**Task to complete:** Please give the listing again, word for word, with nothing left out.

**Stored data:**
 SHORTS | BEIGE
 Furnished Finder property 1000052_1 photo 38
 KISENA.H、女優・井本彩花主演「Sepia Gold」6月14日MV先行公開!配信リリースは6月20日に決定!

**Solution for this problem:**
 SHORTS | BEIGE
 Furnished Finder property 1000052_1 photo 38
 KISENA.H、女優・井本彩花主演「Sepia Gold」6月14日MV先行公開!配信リリースは6月20日に決定!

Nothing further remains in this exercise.